May I be the first to call on you to resign.
These were the words texted to me by a close friend on hearing that I had been appointed Minister for Children in 2008.
Behind the humour was the painful reality that resignation haunts all political careers.
“The ‘good chap’ principle in England, the tradition that sometimes you have to leave office for the greater good seems passe”. So wrote Maureen Dowd in her column published in the IT last week.
However, the last few months saw an epidemic of ministerial resignations in the UK, not to mention prime ministerial resignations. There were an eye-watering 80 ministerial resignations between 2020 and 2022 under Boris Johnson. As Maureen Dowd suggests, only a few were ‘for the greater good’.
In a related context, George Orwell explained to some extent why the working classes tolerated the upper classes in England. Orwell noted that whatever their other faults, at least the upper classes had the good manners to die in battle from time to time, noting that “several dukes, earls and what nots were killed in the recent campaign in Flanders”.

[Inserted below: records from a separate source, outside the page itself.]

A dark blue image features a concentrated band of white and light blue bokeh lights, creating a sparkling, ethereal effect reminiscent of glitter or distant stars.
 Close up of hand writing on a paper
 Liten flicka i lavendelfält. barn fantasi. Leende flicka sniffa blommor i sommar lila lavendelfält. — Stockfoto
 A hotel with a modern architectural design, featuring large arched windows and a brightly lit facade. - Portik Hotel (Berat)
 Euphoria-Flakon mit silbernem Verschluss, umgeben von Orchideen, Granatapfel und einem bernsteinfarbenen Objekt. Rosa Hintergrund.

And maybe that’s why the Tories continue to be tolerated. The political battlefield is strewn with the corpses of fallen PMs. They even thought better of exhuming Boris.
Resignation is of course an occupational hazard in politics in a way that is not found in any other walk of life.
Naturally, the standards of personal behaviour are higher if your job is to set those standards as a legislator. The hazard of resignation is therefore, definitively, an occupational one.
It reminds me of the Garfield cartoon. The eponymous cat is lazing around and his owner says, “why are you so lazy?”. Garfiled replies, “it’s a feature not a bug”. Resignation is a feature of political life.
Nevertheless, the politician in me couldn’t help but feel sorry for Liz Truss as she marched out to the over-worked resignation podium outside 10 Downing Street.
I also resigned in a very public way from my position as CEO of GOAL in 2016. At the time, it was extremely stressful but also, in some ways, a relief. It came about after months of investigations by the US authorities into collusion in the procurement of aid contracts in Syria.
While I was not under investigation myself, I felt responsible and that the best thing for the organisation was to step down in an orderly way. By the time it was announced a replacement had already been identified and I was able to go on Morning Ireland to effectively announce it myself.
It was stressful calling my family members to tell them that I would be stepping down and that they would read about it in the newspapers the following day.
In Irish political life, there is far less resignation. Golfgate sparked a flurry of resignations. The return of Dara Calleary is proof that resignation is not fatal.
When Charles Stewart Parnell’s affair became news in 1890, he was encouraged to ‘resign, remarry and return’. Ignoring the good advice, he tried to keep control of his party and died in the effort a year later.